Find the line below with "NWT Champion V-neck work out top" and the line with "Grohe Essentials Handtuchhalter". Output exactly those lines and everything between them, leaving out the pictures.

• **Given records**:
● ● ●
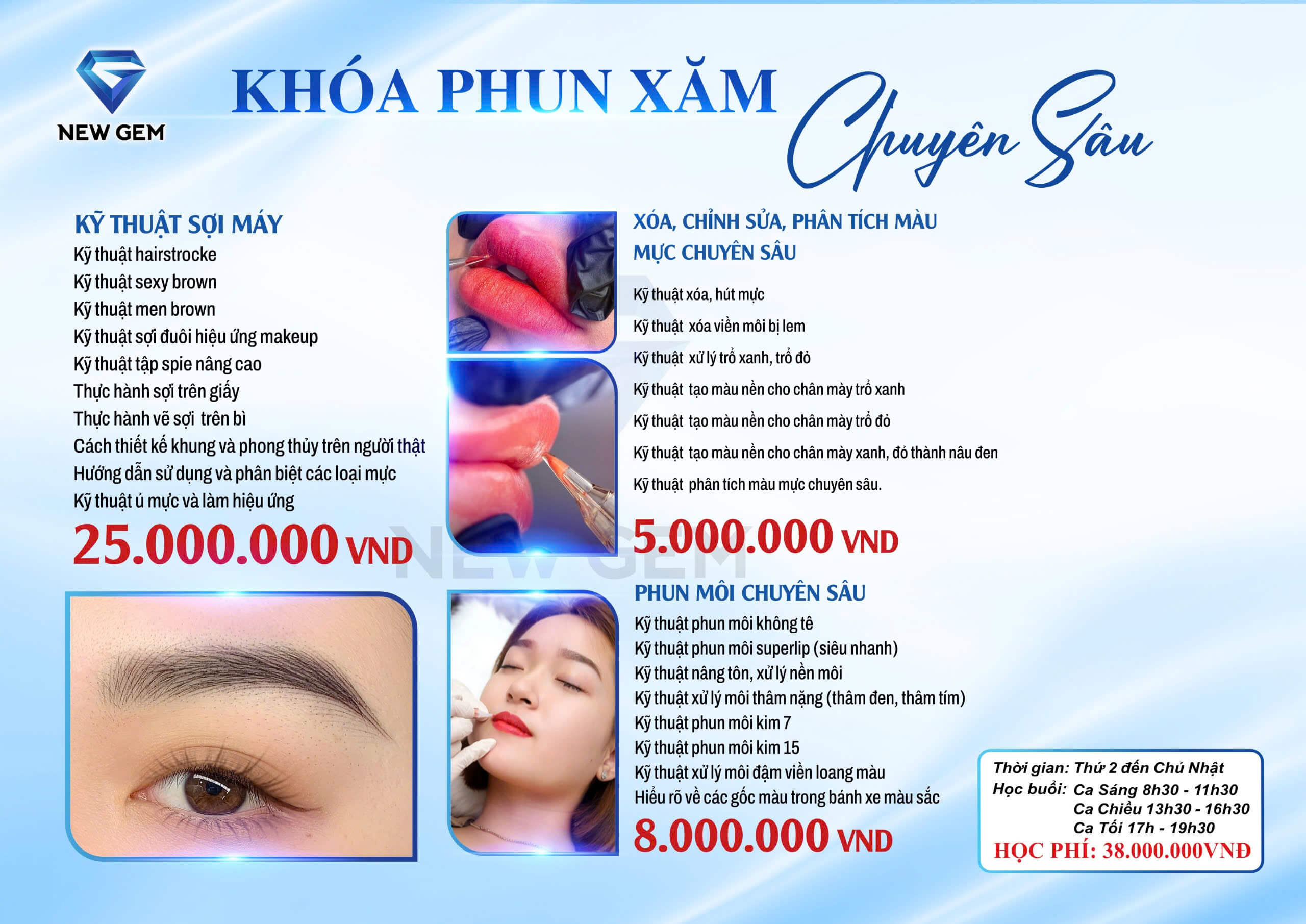 Khóa học Phun Xăm Chuyên Nghiệp 24 Khóa học Phun Xăm Chuyên Nghiệp 24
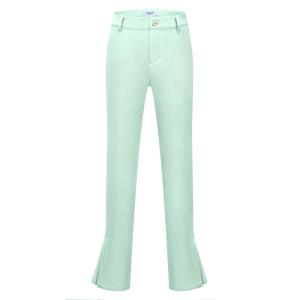TTYGJ | Womens 9/10-Length Flared Slit Golf Pants Quick Drying Slim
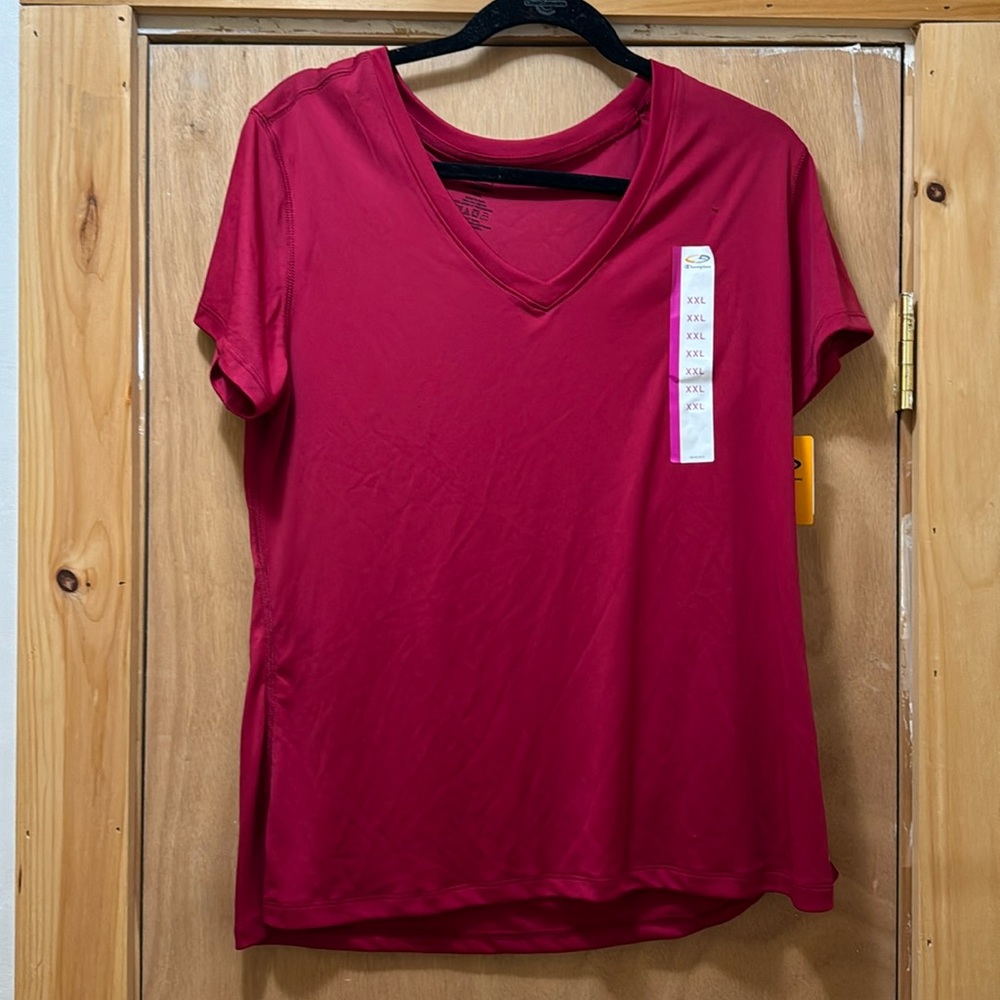 NWT Champion V-neck work out top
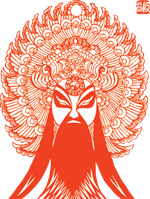 剪纸京剧脸谱_37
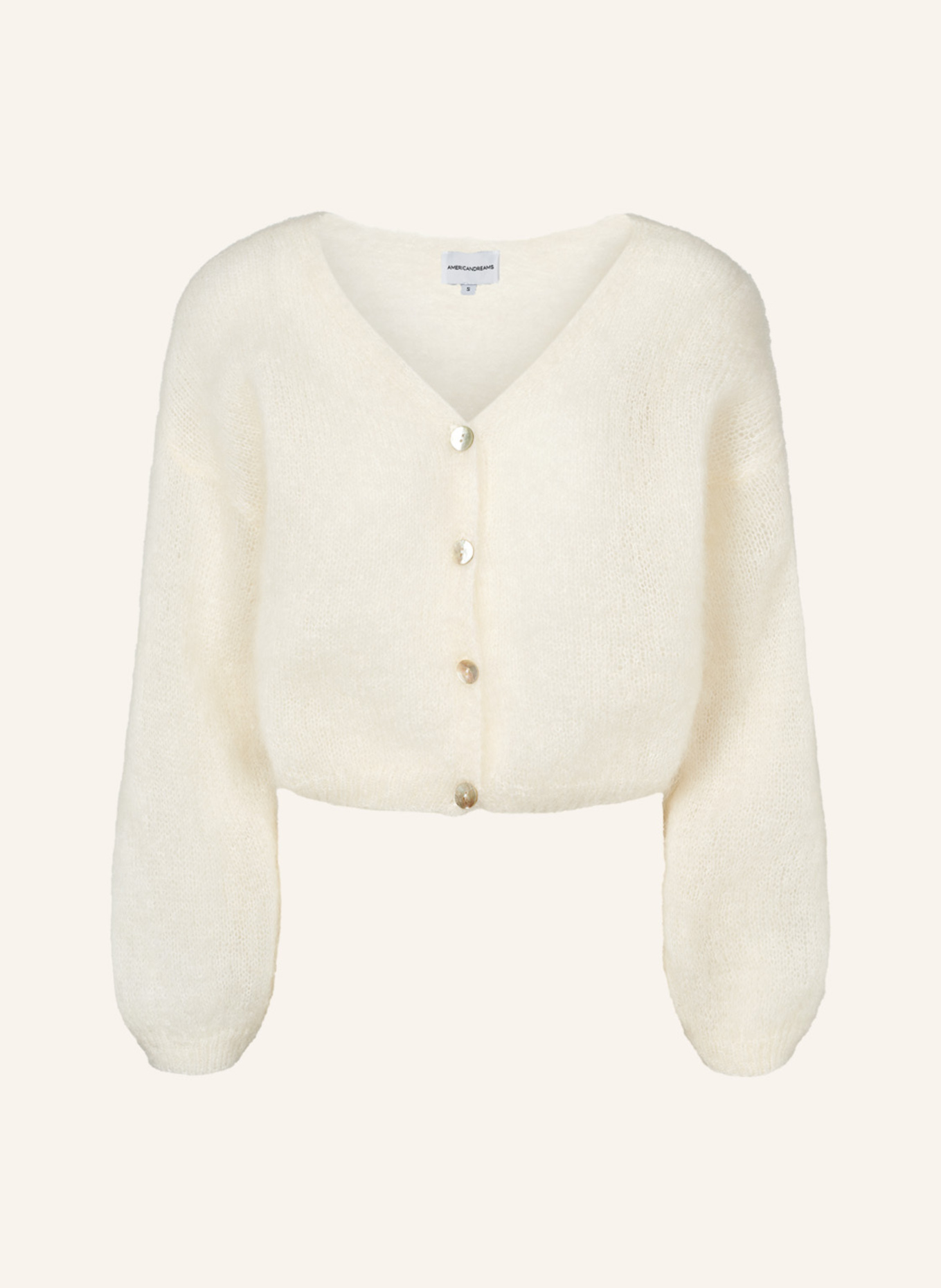 AMERICANDREAMS Cropped-Strickjacke CORNELIA: WEISS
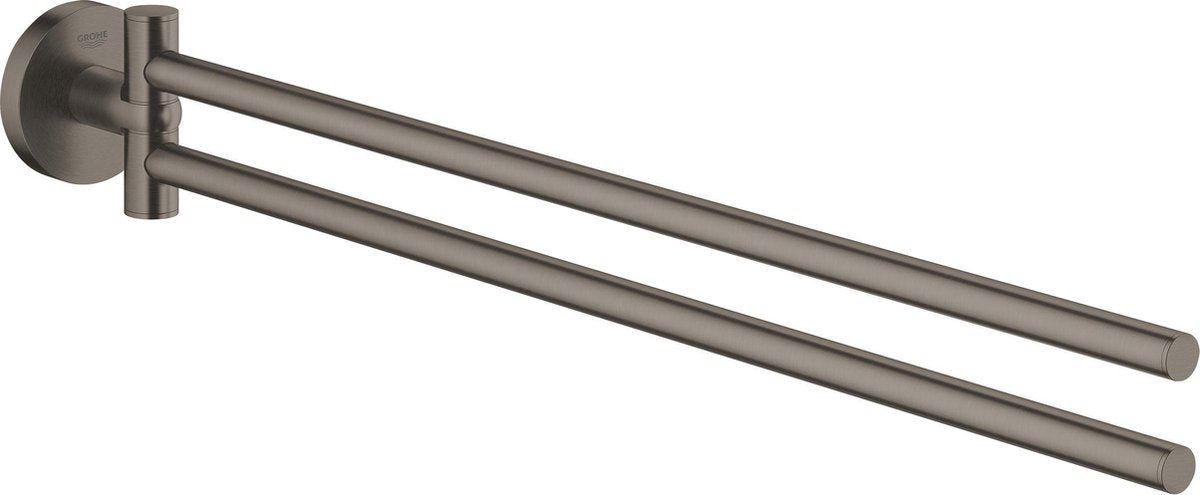 Grohe Essentials Handtuchhalter – Metall – Hartgraphit gebürstet (Mattanthrazit) – 40371al1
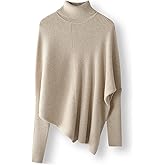 Ciovkis Women's Merino Wool Blend Oversized Sweater 2025 Fall Winter Turtleneck Batwing Sleeve Loose Fit Pullover Sweater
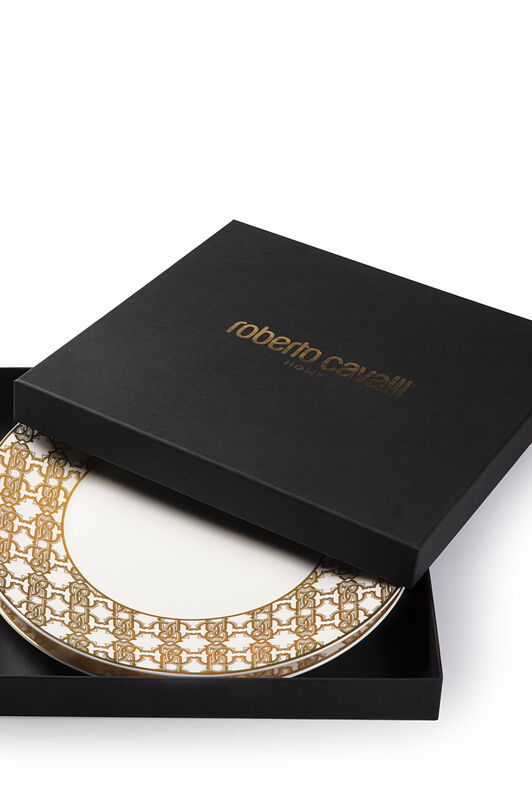 HO MONOGRAM GOLD 2 DINNER PLATES SET Oro RALA33-IA038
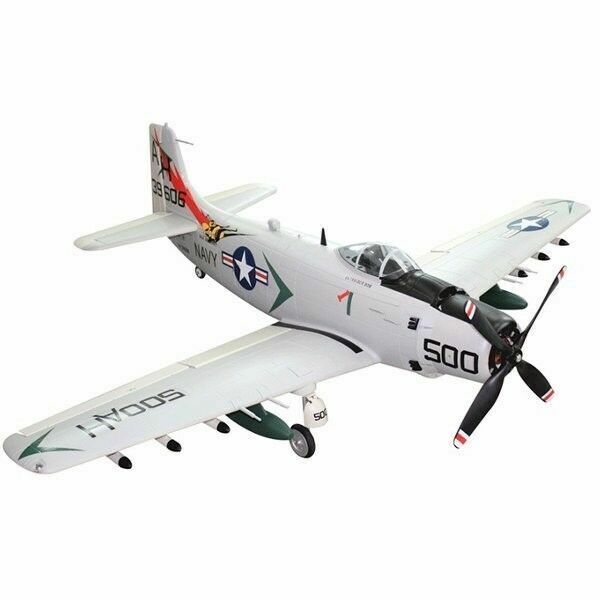 HSD 1600mm Gray Oversize A1 A1 Skyraider V2 RC Warbird Airplane PNP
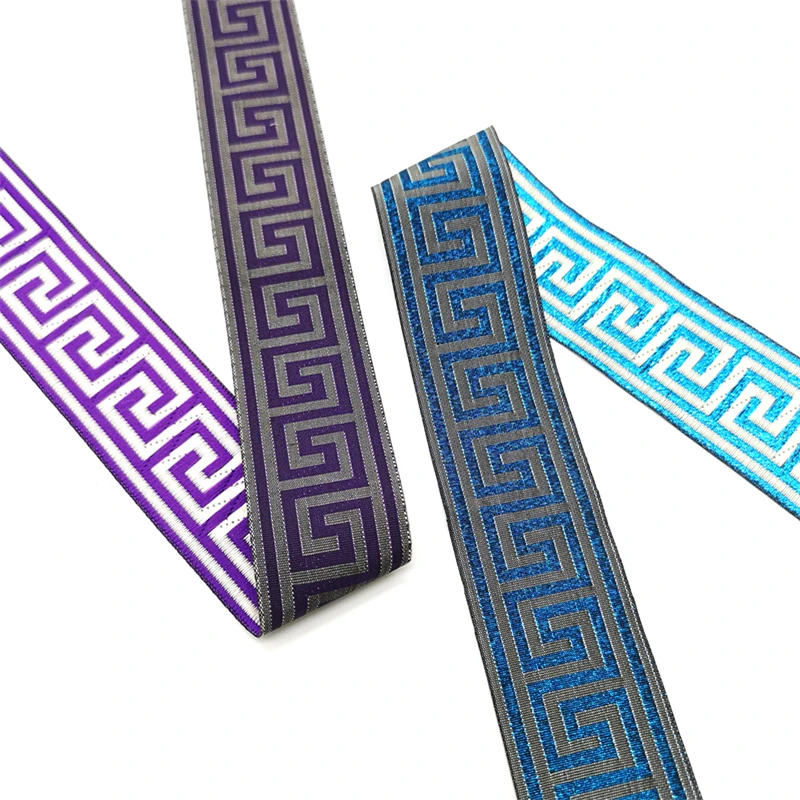 3 yards Ethnic Embroidery Lace Trim Ribbon Vintage Boho Lace Trim Clothes Bag Accessories Embroidered DIY Fabric image 2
● ● ●
• **Answer box**:
 NWT Champion V-neck work out top
 剪纸京剧脸谱_37
 AMERICANDREAMS Cropped-Strickjacke CORNELIA: WEISS
 Grohe Essentials Handtuchhalter – Metall – Hartgraphit gebürstet (Mattanthrazit) – 40371al1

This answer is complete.